# pics of the month??



## leveldrummer (May 27, 2005)

i noticed the new section, one has a thread and its marked private? how do you get in on this? you gotta be a mod or something?


----------



## fishfreaks (Jan 19, 2005)

Right now i believe it's still under construction :-D Shaggy should have it set up in no time


----------



## TheOldSalt (Jan 28, 2005)

Still under construction, yes.

We are getting yet another new feature here at FishForums soon, and maybe another one soon after that.

Pictures of the month! Tank-of-the-month, fish-of-the-month, that sort of thing. We're still working on the details of it. This is going to be a bit tricky, software-wise, on account of the way this is planned to work. Only the judges will be able to see the submitted pics, and the winner(s) will be unveiled each month to public view.

Wait 'til you see what else is in store...nothing else like it on the internet. IF we can make it happen, that is. Top-secret for now though; can't let anyone else beat us to it.


----------



## craftyflalady (Jan 25, 2006)

I agree Baby! Keep up the good work! This place just keeps getting better and better! 

Just wondering...who are the judges of the pics? MODS? Do they take gifts? lol ;-) just kidding....


----------



## leveldrummer (May 27, 2005)

i dont think someone beating you to it is an issue, no matter who gets it first, this will still be my home. easily my favorite place to go.


----------



## Fishystarter (Feb 26, 2006)

Yes 
it should be ready soon


----------



## Osiris (Jan 18, 2005)

I will make "special" brownies just for the judges


----------



## Lydia (Feb 6, 2005)

Fishystarter said:


> Yes
> it should be ready soon



What do you mean?


----------



## goodie (Sep 2, 2005)

MalawianPro said:


> I will make "special" brownies just for the judges



Hey! Thats not fair! No bribes! ( How do I become a judge?:lol: )


----------



## Georgia Peach (Sep 23, 2005)

leveldrummer said:


> i dont think someone beating you to it is an issue, no matter who gets it first, this will still be my home. easily my favorite place to go.


totally agree with you on this one!

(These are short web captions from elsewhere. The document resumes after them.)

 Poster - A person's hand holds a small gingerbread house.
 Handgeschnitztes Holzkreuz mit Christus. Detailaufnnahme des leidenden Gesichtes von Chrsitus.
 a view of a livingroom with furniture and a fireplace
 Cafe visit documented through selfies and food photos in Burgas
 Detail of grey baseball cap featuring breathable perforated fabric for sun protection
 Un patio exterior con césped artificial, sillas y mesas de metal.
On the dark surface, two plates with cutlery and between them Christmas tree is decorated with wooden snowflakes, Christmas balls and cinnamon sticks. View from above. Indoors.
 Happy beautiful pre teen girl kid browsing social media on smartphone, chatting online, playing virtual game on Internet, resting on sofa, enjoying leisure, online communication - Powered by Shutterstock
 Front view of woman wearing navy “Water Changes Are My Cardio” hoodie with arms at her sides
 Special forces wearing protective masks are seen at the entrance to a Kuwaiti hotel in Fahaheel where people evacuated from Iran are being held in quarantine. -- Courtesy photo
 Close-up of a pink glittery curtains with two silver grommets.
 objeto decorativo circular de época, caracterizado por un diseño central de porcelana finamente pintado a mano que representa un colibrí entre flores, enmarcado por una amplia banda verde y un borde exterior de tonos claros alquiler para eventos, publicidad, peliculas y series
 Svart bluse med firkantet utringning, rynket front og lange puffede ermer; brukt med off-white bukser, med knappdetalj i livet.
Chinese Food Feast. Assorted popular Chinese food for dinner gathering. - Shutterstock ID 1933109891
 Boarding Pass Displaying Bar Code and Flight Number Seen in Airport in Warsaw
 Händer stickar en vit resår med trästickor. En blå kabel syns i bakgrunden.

When I got back into the fish hobby a while back, I joined several boards - NONE are like this one - this is the only one I frequent now.. accept for a couple of yahoo groups..


----------



## Osiris (Jan 18, 2005)

I tried posting like lots said but couldnt, not ready, am i allowed to post pics?


----------



## flamingo (Nov 5, 2005)

ooohh....got get out my "secret agent" spy kit....




sounds cool!


----------



## TheOldSalt (Jan 28, 2005)

It should be working now, as mentioned in the newest announcement. If it isn't, then let us know.


----------